Montgomery Puts Throat To The Test At Country Music Awards Ceremonies
Nobody can accuse John Michael Montgomery of not having guts.
The young country star went onstage to sing his hit song “Sold” at the recent Country Music Association awards ceremonies in Nashville - perennially the field’s most-watched TV production just two weeks after undergoing throat surgery to correct a problem that had interrupted his tour and caused him pain and vocal problems for many months.
“I was really wanting to do that show,” Montgomery recalls. “It was going to take an awful lot to not let me do it, whether I was ready or not.”
As for the problem itself, the Kentucky native says he first noticed “a couple of years ago that something was going wrong.” He was “struggling with low notes and real inconsistency in my singing: some days I would sing good, some days I would sing bad.
“It was just really frustrating, but when you’re just getting your career going, you don’t put it on hold right off the bat.”
So he pushed on, neglecting to seek medical advice. Last January, however, the problem became so troublesome that he made a preliminary attempt to get help at Nashville’s Vanderbilt University Hospital. Told that if he came into the rehabilitative program there he probably would need to leave the concert trail for “a couple of months,” he balked and refused.
He was amid his career’s first tour as a headliner, he explains.
“I said, ‘Whoa, wait a minute. I got a lot of people depending on me here. I can’t take off for two months.”’
He says he made it “about three-quarters of the way through” his 1995 tour before the pain became “astronomically bad,” he says. His voice was getting hoarse, and his throat stayed “sore all the time.”
“In September we had a real long run out to the West Coast, about three weeks straight, and after three weeks I barely could talk. Then I had to cancel, so I called ‘em up (at Vanderbilt) and said, ‘I’m coming to Nashville. Set me up a time to go in to the doctor’s office. I need to find out what’s causing me all this pain.”’
(One of his canceled stops included Spokane on Sept. 16.)
What was bothering Montgomery, physicians discovered during an examination, was a salivary gland located beside the vocal cords near the size of “the fingernail on my pinky,” which had “lesions and ulcerations on it” and apparently was “causing just tons of infection.” This infection kept the vocal cords from working properly.
Although he doesn’t say so, he may have gone to Vanderbilt to try to make sure he got a chance to sing on the awards show, perennially country music’s most important event. He says he told them then that he didn’t want to cancel his CMA show appearance unless doing so was unavoidable. Apparently it wasn’t. After removing the salivary gland and watching it for two weeks, Vanderbilt gave him the go-ahead to do one song.
“Sold,” a gallopingly energetic number, isn’t “that hard of a song vocally, as far as pitch goes,” Montgomery says.
“It’s just got a lot of words in it. It’s actually one of the easier songs for me to sing. The ballads are the ones where you have to have a lot of control. Those are the ones that were causing me more problems than anything.”
But didn’t he have some anxiety about singing his first post-surgery song on live television for millions of people?
“Yeah, there was tons of anxiety,” he says. “But I was able to talk, and I was able to sing. It was a little raspy, but … I wanted to do it.
“I’m not one that likes for people to even think that I’m down and out, you know.
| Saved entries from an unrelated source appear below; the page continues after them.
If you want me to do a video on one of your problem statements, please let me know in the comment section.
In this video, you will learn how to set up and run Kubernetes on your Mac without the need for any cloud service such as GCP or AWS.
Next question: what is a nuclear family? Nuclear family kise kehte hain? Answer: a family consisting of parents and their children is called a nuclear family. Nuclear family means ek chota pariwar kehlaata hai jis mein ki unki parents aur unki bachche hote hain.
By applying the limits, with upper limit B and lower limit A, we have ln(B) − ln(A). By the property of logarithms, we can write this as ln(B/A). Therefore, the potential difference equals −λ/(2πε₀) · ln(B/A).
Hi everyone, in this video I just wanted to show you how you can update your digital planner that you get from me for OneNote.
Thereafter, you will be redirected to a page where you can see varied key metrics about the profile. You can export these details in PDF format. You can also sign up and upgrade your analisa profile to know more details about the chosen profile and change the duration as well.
This was me saying, I might be down, but I ain’t down for the count.”
Montgomery says he had to cancel “eight or 10” shows, most of which were really just postponed (including the Spokane date, which was rescheduled for the Arena on Feb. 16). He has been back on the road for more than a month now, working with such opening acts as Mark Chesnutt (“a great singer who can throw the hits at you one after another”) and David Lee Murphy (“a great songwriter” who “has a jammin’ band” and is “cool”).
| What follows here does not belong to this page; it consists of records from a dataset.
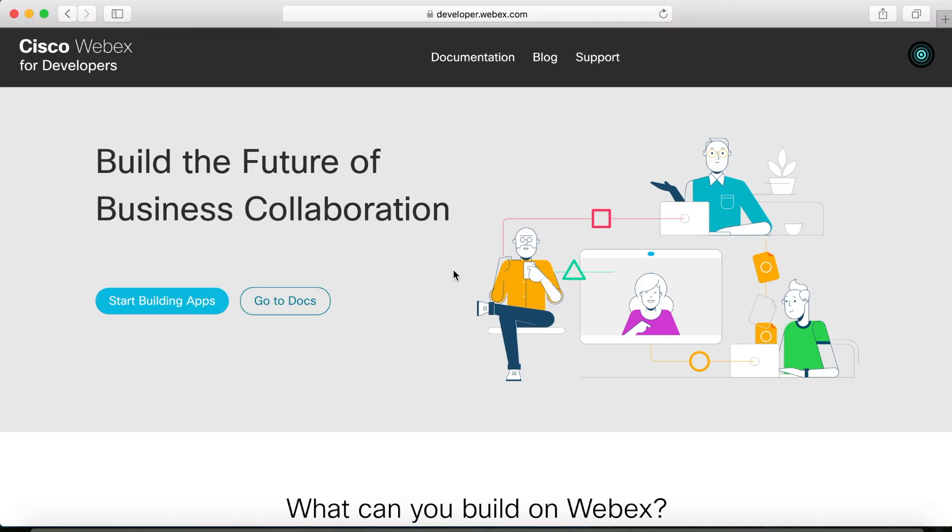Hello and welcome to the channel. This is the fourth video in a multi-part series on how to make a WebEx web app based on the WebEx API.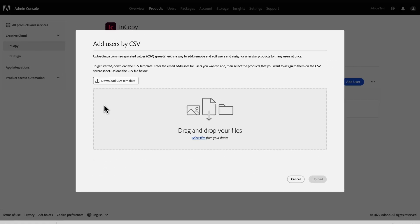You can import up to 25,000 users at a time, 5,000 for optimal performance. Users receive a welcome email when they are assigned a product or administrative role.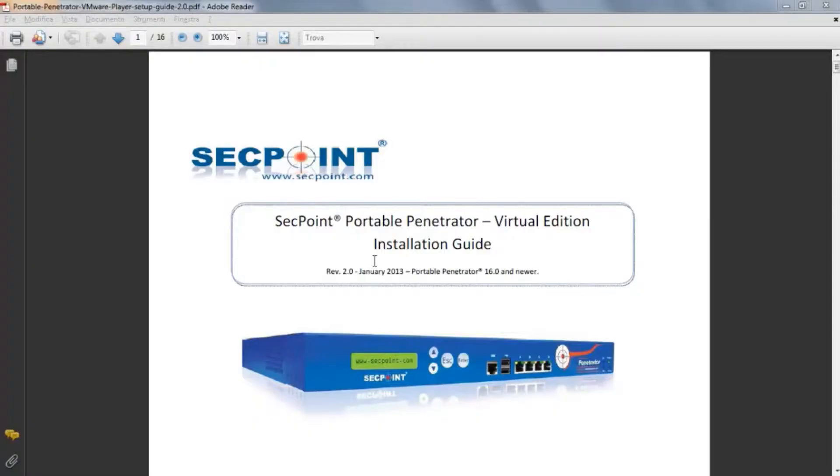Hi and welcome to the installation guide of the virtual edition of SecPoint Portable Penetrator.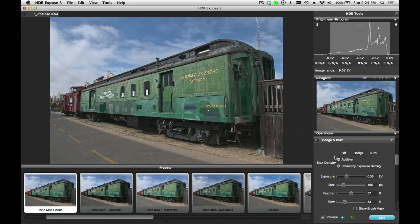If I want to work with an additive brush, I can select the additive button. When I do this, the image will get lighter or darker depending on how many times you brush over it. Limiting the exposure setting is actually a nice feature because it prevents you from overshooting your target.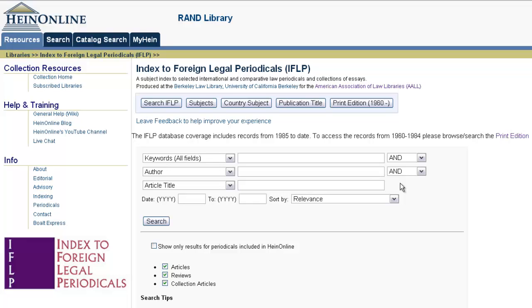Searching by keyword in the Index to Foreign Legal Periodicals allows you to search across all the fields from an index record that have been indexed.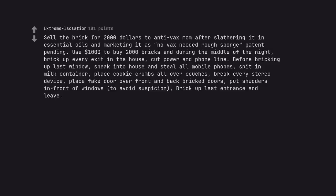Sell the brick for $2,000 to anti-vax mom after slathering it in essential oils and marketing it as no vax needed rough sponge patent pending. Use $1,000 to buy 2,000 bricks and during the middle of the night, brick up every exit in the house, cut power and phone line. Before bricking up last window, sneak into house and steal all mobile phones, spit in milk container, place cookie crumbs all over couches, break every stereo device, place fake door over front and back bricked doors, put shutters in front of windows to avoid suspicion. Brick up last entrance and leave.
He says he will take most of December and January off, during which he plans to revisit the hospital and have physicians check his throat again. Then, after briefly resuming touring in February and March, he expects to take “several months off to rest the voice and work on a new album.”
“I came out in the fall of ‘92,” he says. “I’ve been hitting it pretty hard for the last three years.”
Mattea sees gender reversal
Kathy Mattea says the roles of women and men in country music have almost swapped places in the ‘90s.
“Traditionally, women were ‘the chick factor’ with the male bands,” Mattea recently noted in the Bravo film and arts network’s “South Bank Show” in a segment titled “Women of Country Music.”
“These days,” Mattea went on, “it’s the men who are stigmatized in that way. They have to be a hunk and wear tight jeans. They struggle for the Garth Brooks image while women are left to be who they are. It’s an interesting twist of events.”
Mattea also indicated that the women were able to carve out their own image because Nashville’s record and video people, so used to dealing with men, “didn’t know what to do with a woman.
“With a guy, it was OK to put on a cowboy hat … with a woman, it’s not that simple … they hired someone to tell me what to wear and how to move, which was a complete disaster. But what that did for me was it got me so ticked that I said, ‘… I’m just going to do what I want.’ … That was when I began to find my own voice.”